== Work task ==
Starting at the line with "Fluid Trench Coat in Microsuede Tencel" and going on through the line with "Groen en Paars", reproduce each line in the records below exactly and nothing more.

== Entries supplied ==
****

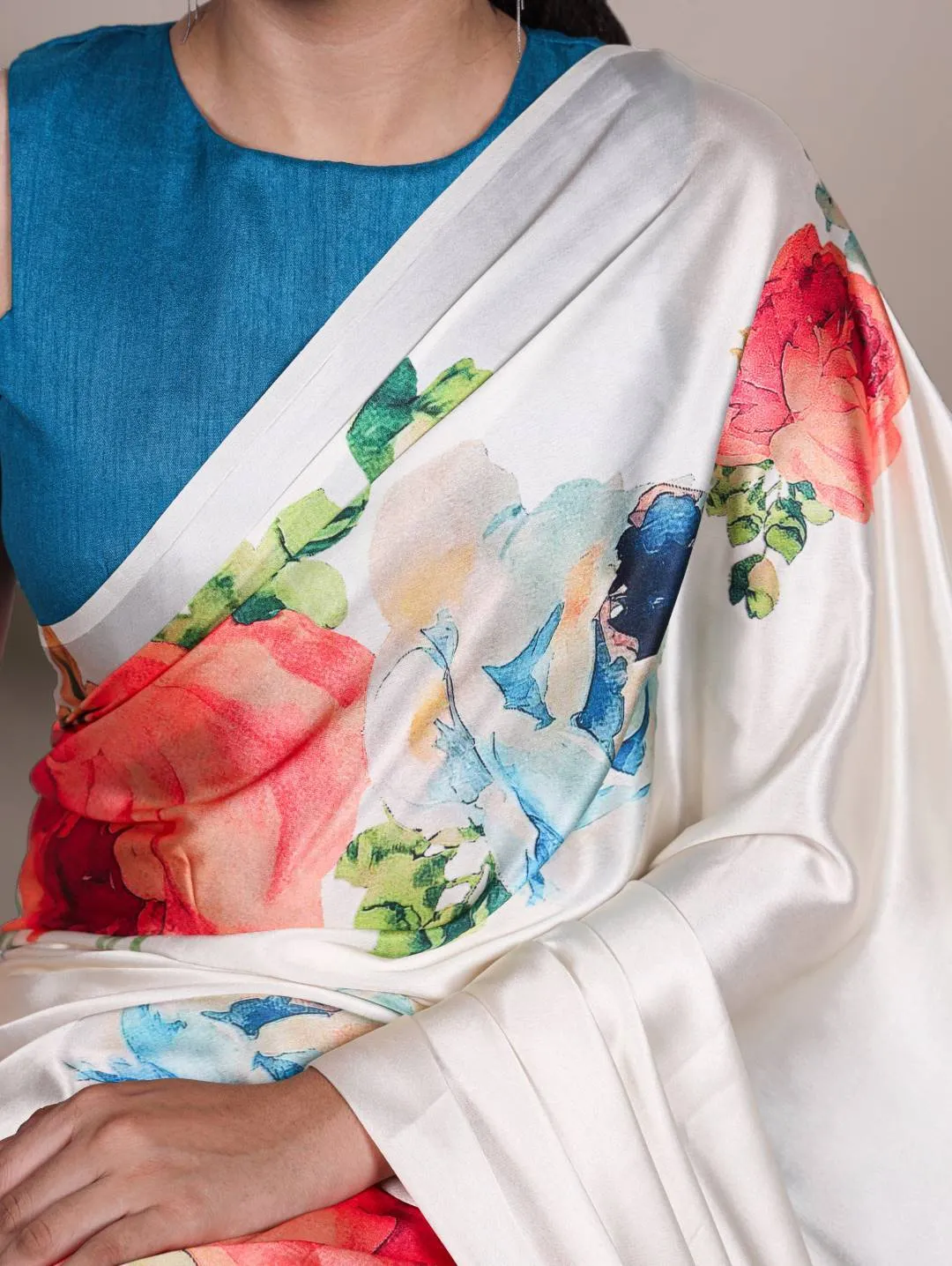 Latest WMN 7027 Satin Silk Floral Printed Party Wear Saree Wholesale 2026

****

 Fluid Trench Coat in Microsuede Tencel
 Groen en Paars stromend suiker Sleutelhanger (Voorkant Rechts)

****

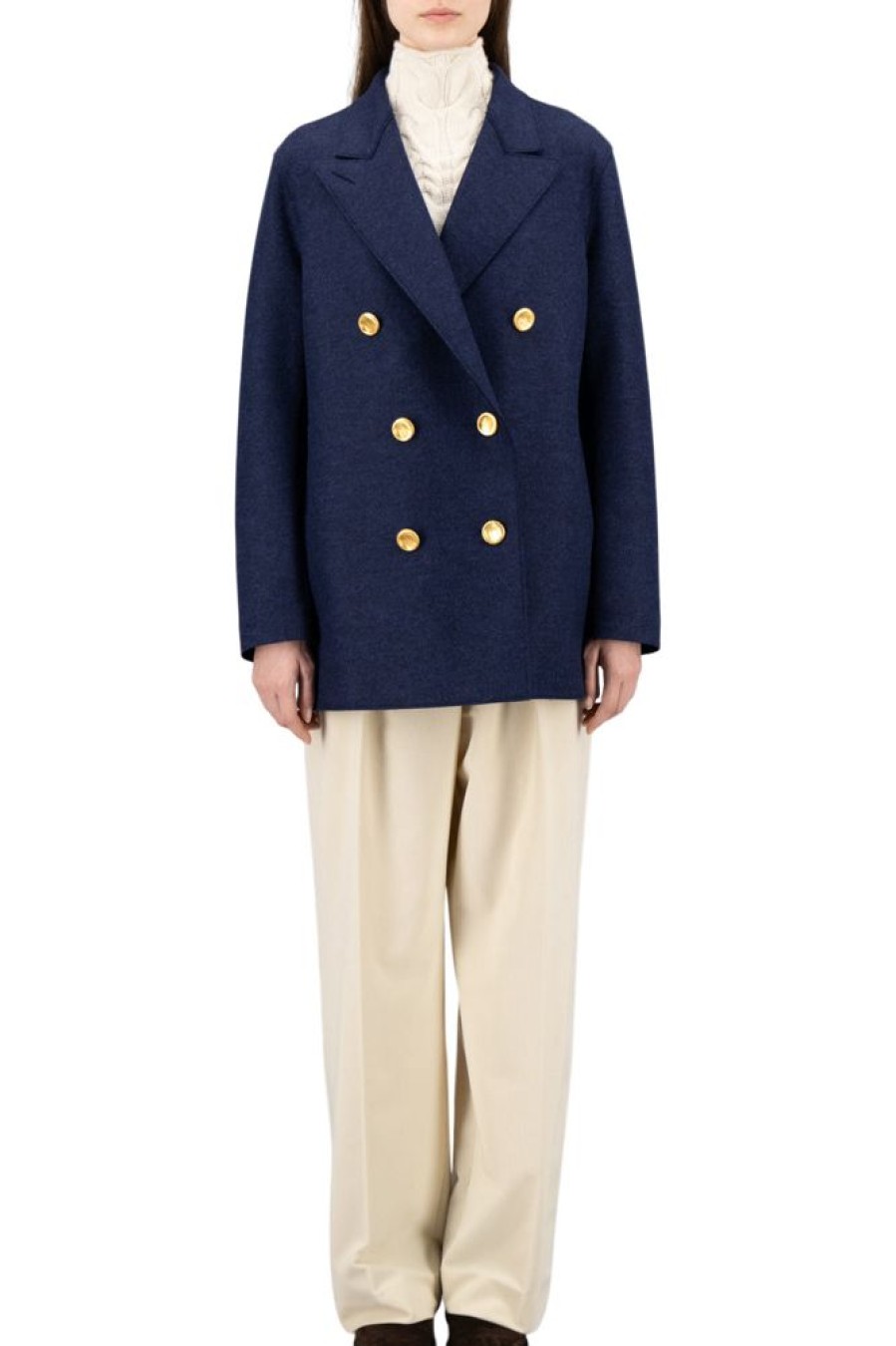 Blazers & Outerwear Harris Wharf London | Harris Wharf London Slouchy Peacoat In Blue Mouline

****

== Answer for the task ==
 Fluid Trench Coat in Microsuede Tencel
 Groen en Paars stromend suiker Sleutelhanger (Voorkant Rechts)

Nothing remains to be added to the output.